Segment Start: Exercise inputs

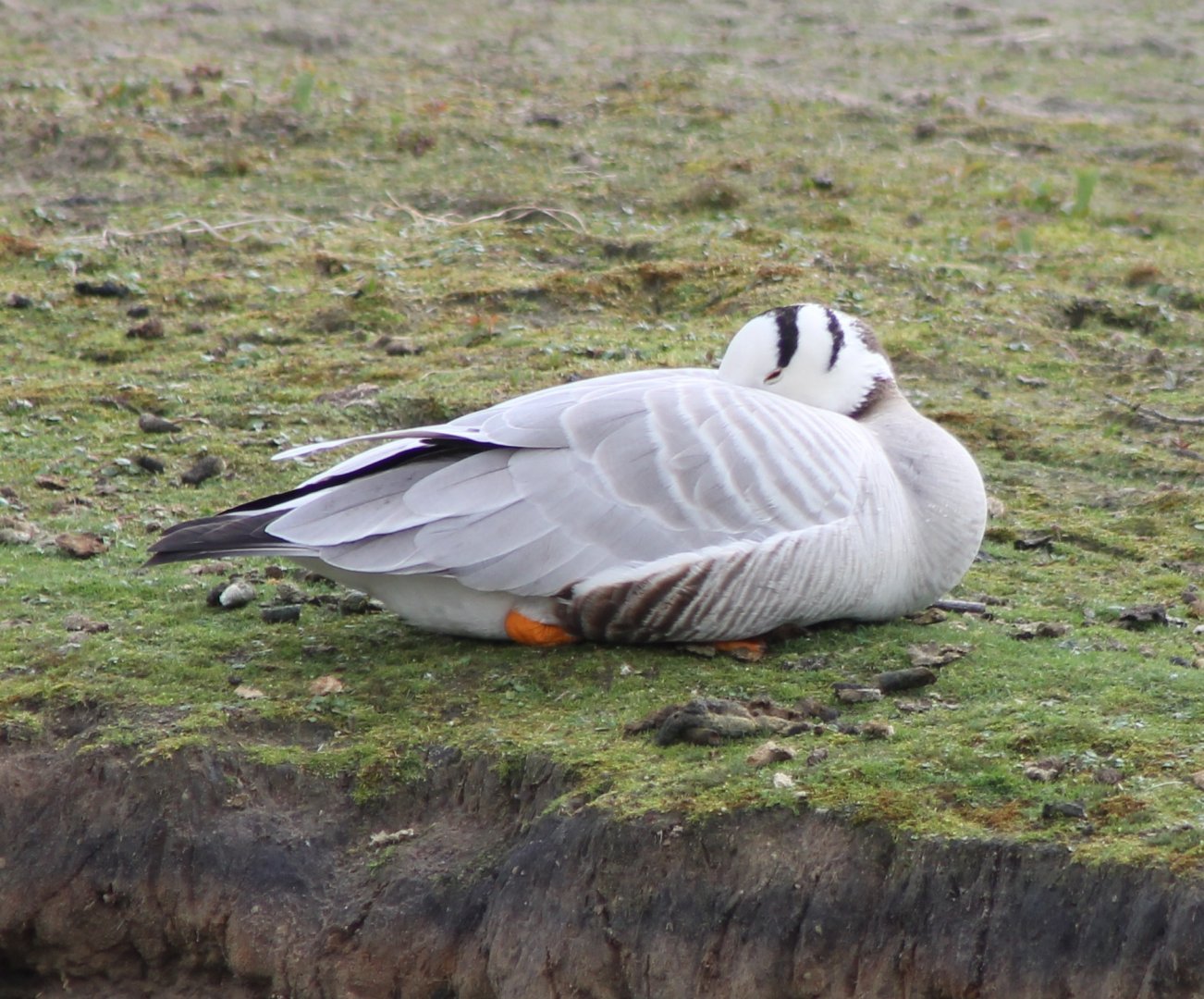 Bar-headed goose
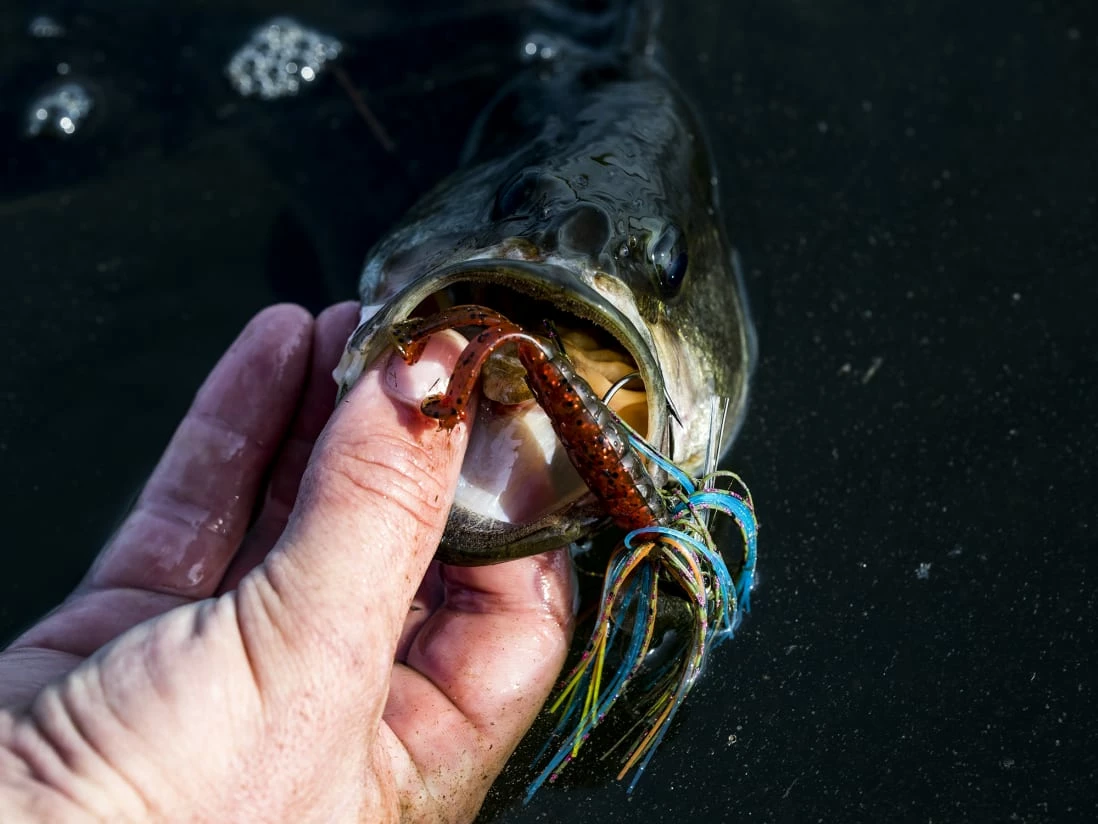 Cheap โจ Z-Man Midwest Finesse Swim Jig ๐ - Image 3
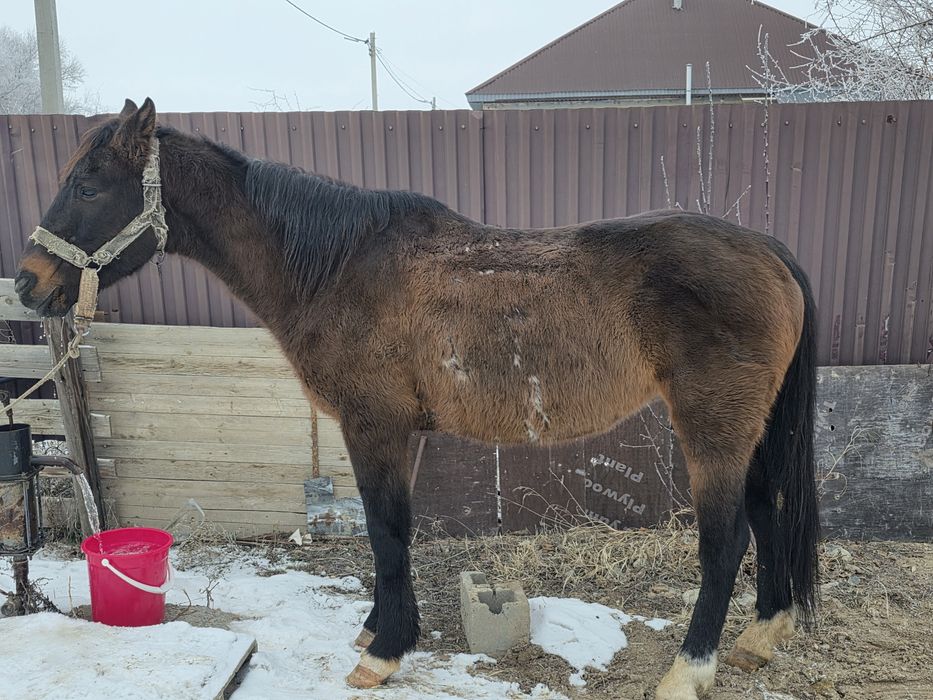 Продам лошадь   Жастар 2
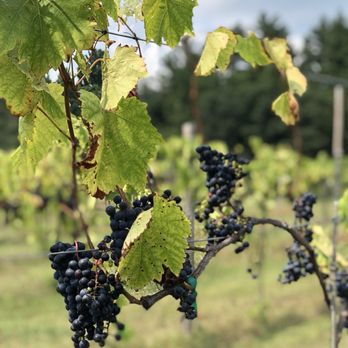 Fawn Creek Winery - Wineries Near Me - Wisconsin Dells, Wisconsin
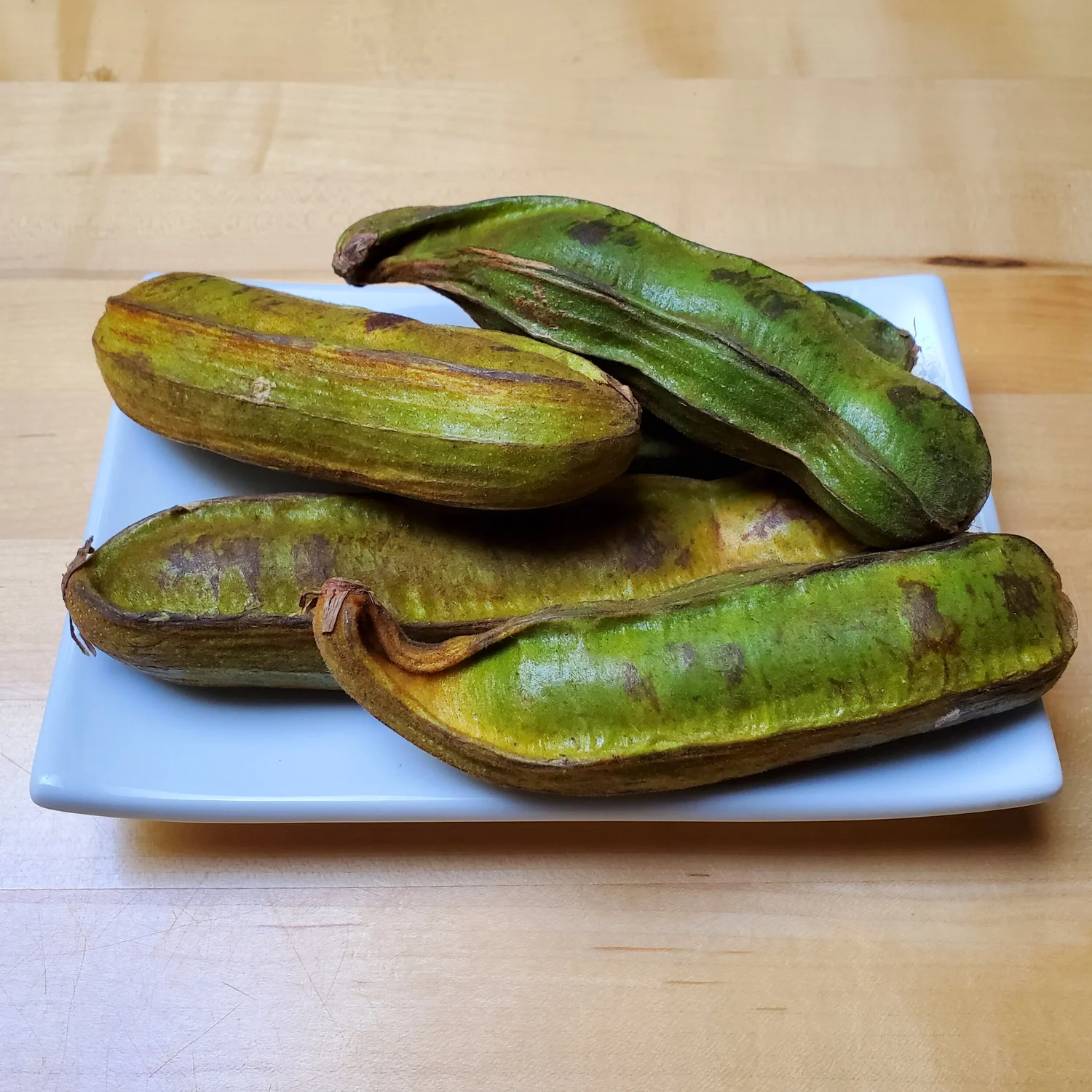 Ice Cream Bean  Wanderlust Nursery
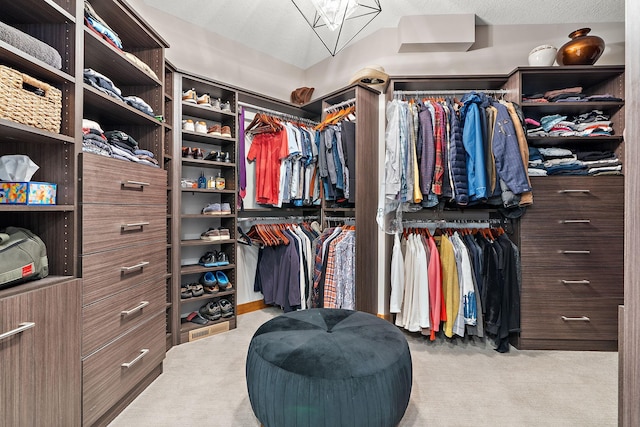 spacious closet with light colored carpet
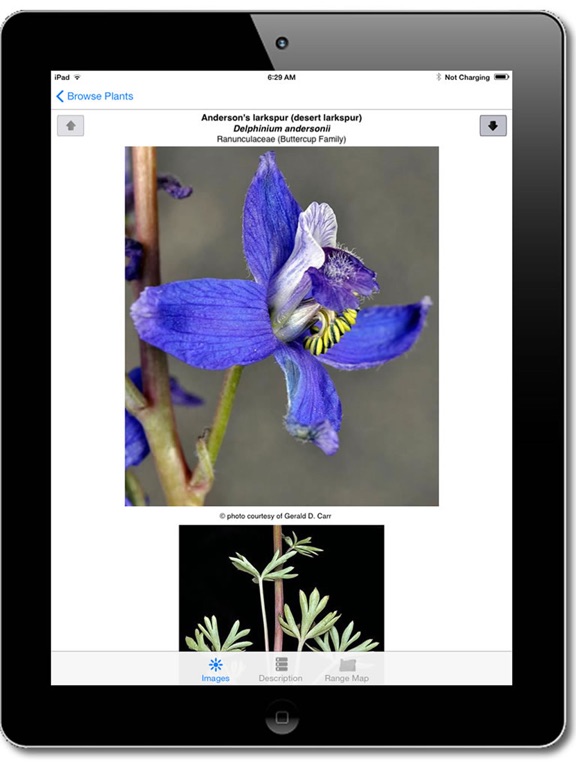 Screenshot #5 pour Oregon Wildflowers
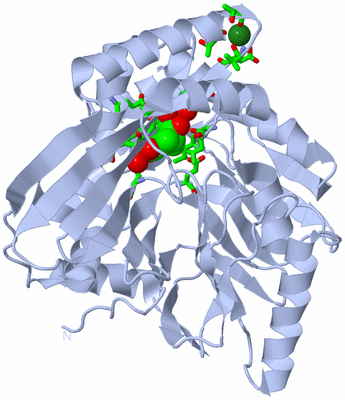 Image Biol. Unit 1 - sites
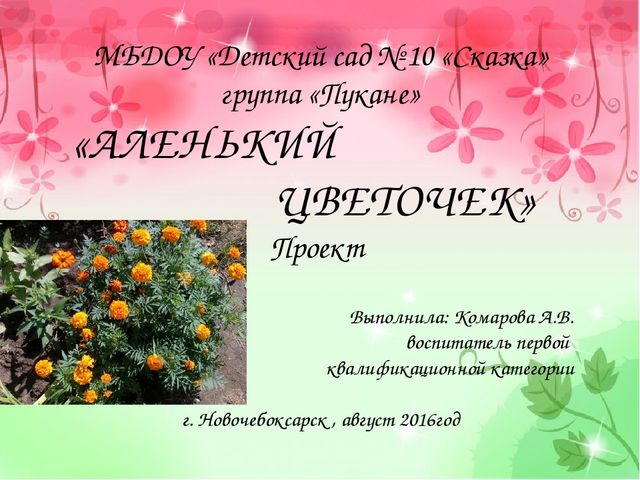 Проект "Аленький проект" (старший возраст)
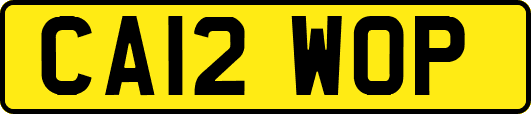 CA12WOP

Segment End: Exercise inputs

** Task requirements **
Please output the listing above exactly from its first line through the line with "Screenshot #5 pour Oregon Wildflowers", both included, and nothing beyond that line. Omit pictures.

** Exercise response **
 Bar-headed goose
 Cheap โจ Z-Man Midwest Finesse Swim Jig ๐ - Image 3
 Продам лошадь   Жастар 2
 Fawn Creek Winery - Wineries Near Me - Wisconsin Dells, Wisconsin
 Ice Cream Bean  Wanderlust Nursery
 spacious closet with light colored carpet
 Screenshot #5 pour Oregon Wildflowers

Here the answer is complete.